O alcance geográfico desta edição é amplo. Além do Museu da República, o roteiro inclui o Espaço Cenáculo, no Flamengo; a Casa Museu Eva Klabin, na Lagoa; a imponente Igreja de Nossa Senhora da Candelária, na Praça Pio X; e a Sala Cecília Meireles, no Centro.
Idealizado pelo inglês David Chew, que reside no país há mais de quatro décadas, o festival nasceu com um propósito claro: popularizar a música clássica e reverenciar o legado de Heitor Villa-Lobos. A origem do projeto, contudo, é marcada por um momento traumático na história do Rio: a chacina da Candelária. Naquela época, Chew, então integrante da Sinfônica Brasileira, sentiu o impacto da violência urbana ao tentar prestar assistência musical a uma criança sobrevivente do massacre. O episódio foi o gatilho para reunir amigos músicos e criar uma plataforma de impacto social por meio da arte.
A renovação desta edição passa pelo estreante Cello Kids. No dia 15, o Museu da República abre espaço para a Escolinha de Música Rio Cello, além de oficinas voltadas para jovens cellistas e uma apresentação do Coral das Marés. Paralelamente, o festival celebra duas décadas do Cello Dance, projeto que, ao longo dos anos, ocupou desde estações de metrô até palcos improvisados em praças, sempre convidando a plateia a integrar a narrativa artística.

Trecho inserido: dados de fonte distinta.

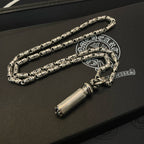 Silver-toned charm necklace with cylinder pendant, laid on a dark leather box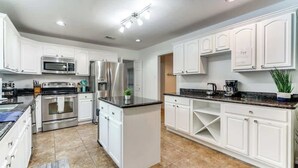 Une cuisine moderne avec des meubles blancs, des appareils en acier inoxydable et un îlot central.
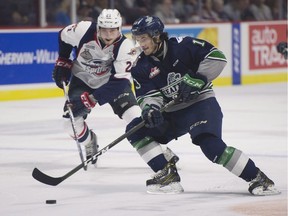 Windsor Spitfires centre Logan Brown pressures Seattle Thunderbirds center Mathew Barzal during the first period of a Memorial Cup round robin hockey game in Windsor last Sunday.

O encerramento, previsto para a manhã do dia 16, reserva um momento de retorno aos palcos para Bettina Dalcanale. Aos 64 anos e afastada da dança clássica há 15, a ex-solista do Theatro Municipal interpreta a obra O Canto do Cisne Negro, de Villa-Lobos, acompanhada pelo violoncelo de David Chew. Para ela, o desafio vai além do físico — a apresentação, descalça sobre a grama do museu, é uma forma de compartilhar sua trajetória artística com a neta de cinco anos.
Ao longo de sua existência, o evento contabiliza a participação de 10 mil artistas em mais de 500 locais distintos. O espírito de diversidade se mantém na Violonsalada, marcada para o dia 15 na Sala Cecília Meireles, um formato improvisado que sintetiza a energia de cada edição. Para Chew, o sucesso não se mede apenas pela técnica, mas pela oportunidade de levar crianças de comunidades para conhecer templos da cultura como o Museu do Amanhã e o próprio Theatro Municipal.

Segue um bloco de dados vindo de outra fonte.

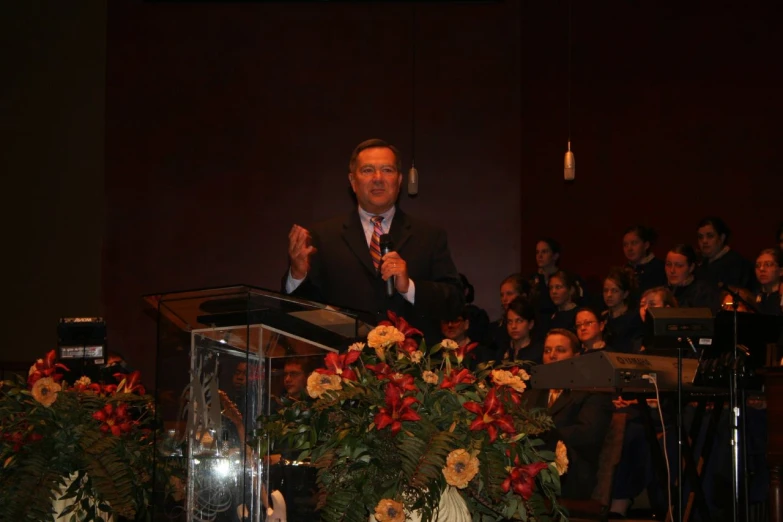 a man in a suit speaking at a podium with others seated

A viabilização financeira, que nos primórdios dependia de contatos diretos com embaixadas e consulados, hoje é ancorada pela Lei Municipal de Incentivo à Cultura, com patrocínio da prefeitura do Rio. O projeto também se prepara para integrar a Semana de Artes do Rio, estendendo suas atividades até o dia 20 de setembro.